• Start Here
  • About Me
  • Books
  • Courses
    • Geek Blogger’s Guide to Your First $1000
    • Niche Reviewer Crash Course
    • Niche Journalism Workbook
  • Journalism
  • Web Design
  • Contact

Category: Careers

Home Category: Careers (Page 6)

How to build an email opt-in course for your blog

March 20, 20174 commentsLauren Orsini

Last Monday, I released a new e-course, The Geek Blogger’s Guide to Your First $1000.

The main reason I put out this guide was because I think it’s extremely helpful, and I want to give my loyal readers helpful stuff for free. But I also have an (ah ha!) ulterior motive here, and that’s to grow my mailing list. My mailing list is the best tool I have to keep in touch with you. And unlike with social media, it’s a quiet place where I can be more personal with my readers.

If you have a blog, you’ve probably considered growing your mailing list, too. Let me tell you that an opt-in incentive is the best way to do that. It’s free, but it still involves effort on your readers’ part: they need to agree to sign up for your mailing list. The result is you have a built-in audience who is willing to meet you halfway in exchange for your authority on a particular topic.

Here’s how I picked a topic, built a course, and automated it for my blog.

Survey your audience

My story really begins back in 2016. Otaku Journalist is more than seven years old now, and I know the audience now wants different things than it did back then, just like I like to write about different stuff than I did then. So I conducted a survey.

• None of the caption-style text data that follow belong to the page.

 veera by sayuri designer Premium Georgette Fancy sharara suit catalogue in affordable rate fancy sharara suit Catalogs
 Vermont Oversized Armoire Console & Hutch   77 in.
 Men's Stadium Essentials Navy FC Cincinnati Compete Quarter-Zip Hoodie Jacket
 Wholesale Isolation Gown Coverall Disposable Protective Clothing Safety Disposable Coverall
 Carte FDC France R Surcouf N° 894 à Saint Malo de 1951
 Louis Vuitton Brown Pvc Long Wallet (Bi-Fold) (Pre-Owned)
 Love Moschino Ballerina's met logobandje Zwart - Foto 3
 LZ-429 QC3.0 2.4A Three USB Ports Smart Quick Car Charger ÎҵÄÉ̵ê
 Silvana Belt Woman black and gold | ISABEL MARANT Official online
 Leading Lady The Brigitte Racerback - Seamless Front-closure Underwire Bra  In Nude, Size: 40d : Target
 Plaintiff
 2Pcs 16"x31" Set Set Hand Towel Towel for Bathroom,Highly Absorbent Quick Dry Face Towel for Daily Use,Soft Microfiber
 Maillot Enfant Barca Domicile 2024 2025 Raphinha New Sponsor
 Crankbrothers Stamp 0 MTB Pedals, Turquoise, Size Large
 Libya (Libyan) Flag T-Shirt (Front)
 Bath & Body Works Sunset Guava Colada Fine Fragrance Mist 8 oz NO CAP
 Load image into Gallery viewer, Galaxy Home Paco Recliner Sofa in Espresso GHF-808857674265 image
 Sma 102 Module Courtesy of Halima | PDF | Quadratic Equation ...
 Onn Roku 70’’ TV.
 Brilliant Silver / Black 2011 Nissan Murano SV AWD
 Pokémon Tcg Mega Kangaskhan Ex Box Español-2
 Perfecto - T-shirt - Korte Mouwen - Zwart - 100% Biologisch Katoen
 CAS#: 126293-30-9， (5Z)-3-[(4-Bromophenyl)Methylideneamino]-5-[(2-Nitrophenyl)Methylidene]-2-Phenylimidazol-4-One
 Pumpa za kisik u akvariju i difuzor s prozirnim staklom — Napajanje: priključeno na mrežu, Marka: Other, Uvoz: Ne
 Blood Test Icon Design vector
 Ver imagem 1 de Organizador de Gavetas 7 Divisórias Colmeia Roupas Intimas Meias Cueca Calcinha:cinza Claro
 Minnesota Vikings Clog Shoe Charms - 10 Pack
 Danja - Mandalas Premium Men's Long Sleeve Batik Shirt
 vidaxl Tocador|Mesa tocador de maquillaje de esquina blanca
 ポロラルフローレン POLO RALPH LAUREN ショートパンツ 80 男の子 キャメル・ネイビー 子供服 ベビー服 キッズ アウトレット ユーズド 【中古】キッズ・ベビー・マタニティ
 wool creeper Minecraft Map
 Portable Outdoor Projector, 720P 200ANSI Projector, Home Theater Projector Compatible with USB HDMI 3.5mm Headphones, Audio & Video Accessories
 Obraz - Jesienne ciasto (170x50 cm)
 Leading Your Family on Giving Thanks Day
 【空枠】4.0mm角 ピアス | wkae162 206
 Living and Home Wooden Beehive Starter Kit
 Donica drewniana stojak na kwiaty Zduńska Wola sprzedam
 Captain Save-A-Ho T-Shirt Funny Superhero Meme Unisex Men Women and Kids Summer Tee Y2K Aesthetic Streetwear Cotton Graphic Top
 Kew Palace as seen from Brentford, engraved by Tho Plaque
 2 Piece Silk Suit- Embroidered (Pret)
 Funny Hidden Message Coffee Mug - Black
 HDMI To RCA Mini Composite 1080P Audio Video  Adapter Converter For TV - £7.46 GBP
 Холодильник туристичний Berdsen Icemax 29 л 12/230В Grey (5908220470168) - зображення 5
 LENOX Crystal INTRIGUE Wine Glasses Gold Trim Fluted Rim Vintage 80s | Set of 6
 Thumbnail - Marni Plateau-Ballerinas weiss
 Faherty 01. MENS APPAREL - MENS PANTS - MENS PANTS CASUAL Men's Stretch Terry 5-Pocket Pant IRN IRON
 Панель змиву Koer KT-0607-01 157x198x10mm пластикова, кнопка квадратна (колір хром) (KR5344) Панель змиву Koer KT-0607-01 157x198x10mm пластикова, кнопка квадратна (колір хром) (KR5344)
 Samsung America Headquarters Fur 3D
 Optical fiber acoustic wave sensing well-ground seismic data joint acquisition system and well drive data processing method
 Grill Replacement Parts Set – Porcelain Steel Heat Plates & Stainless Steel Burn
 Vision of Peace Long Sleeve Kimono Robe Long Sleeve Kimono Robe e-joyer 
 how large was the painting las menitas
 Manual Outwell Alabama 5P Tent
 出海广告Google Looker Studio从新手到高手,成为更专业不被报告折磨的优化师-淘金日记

Eighty people replied, out of an estimated 400 daily readers. What I found was that readers who are engaged enough to do my surveys when I put them out are most interested in two types of content: my personal fandom experiences, and geek career advice. That told me that the most effective way to communicate would be using examples from my own life. It was around then that I started formulating The Geek Blogger’s Guide to Your First $1000. I originally was going to call it How I Earned My First $1000 On Otaku Journalist, but I eventually decided that was too specific. These are techniques I think will work on a variety of blogs, not just mine.

Write the darn course

Then, I put off actually writing the course for almost a year. “Growing my mailing list” is not as high up on my list of motivators as “making actual money.” So it wasn’t until two weeks ago, when I had an unexpected lull in my workload, that I sat down to tackle this.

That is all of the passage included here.